Write out the data again exactly, skipping every picture.

* _Supplied information_
□ □ □

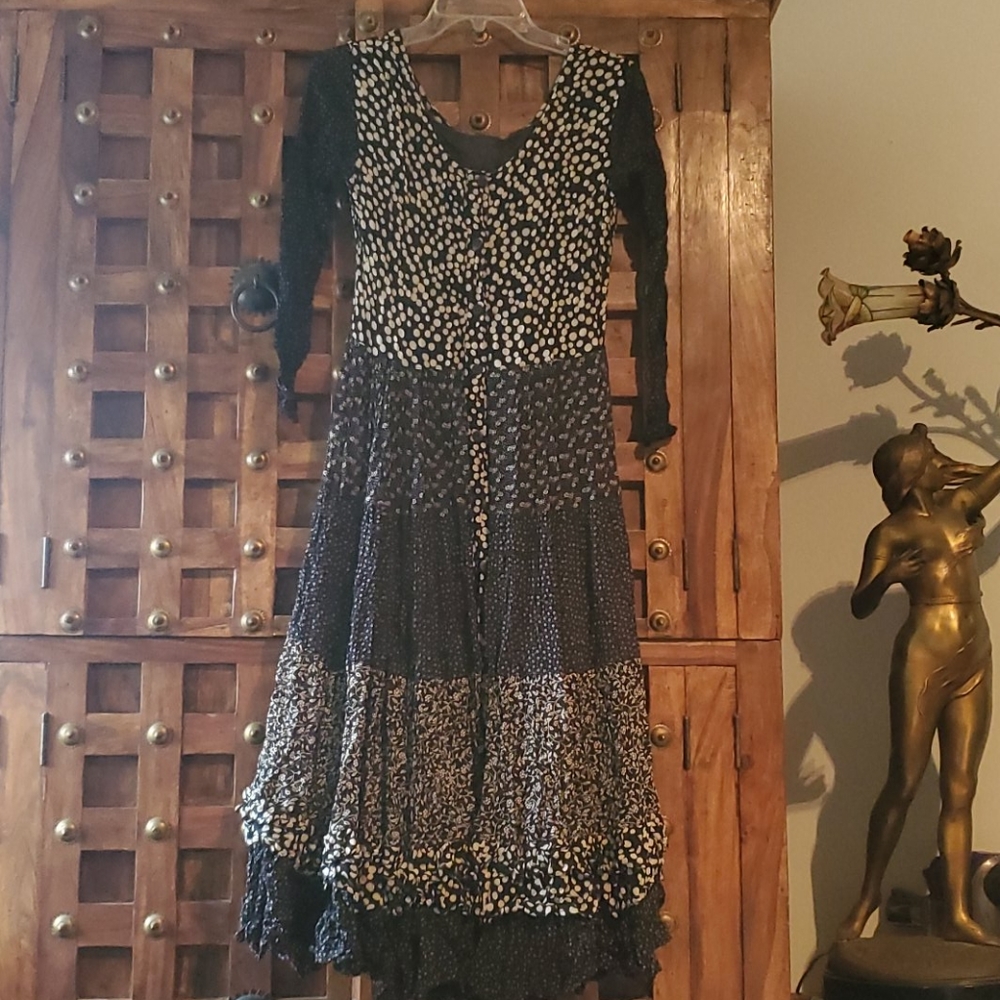 Vintage Hari Casuals Dress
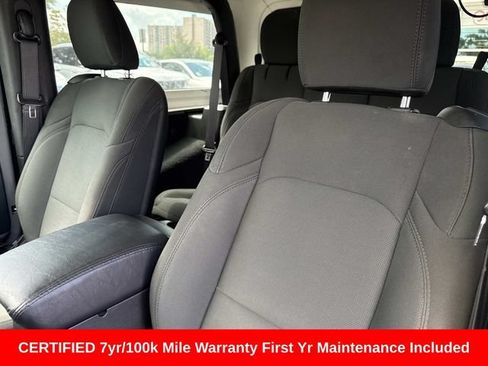 Used 2021 Jeep Wrangler Sport AWD/4WD image 16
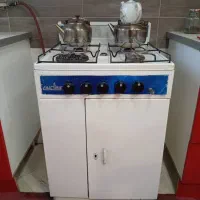 اجاق گاز چهار شعله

□ □ □

* _Exercise answer_
 Vintage Hari Casuals Dress
 Used 2021 Jeep Wrangler Sport AWD/4WD image 16
 اجاق گاز چهار شعله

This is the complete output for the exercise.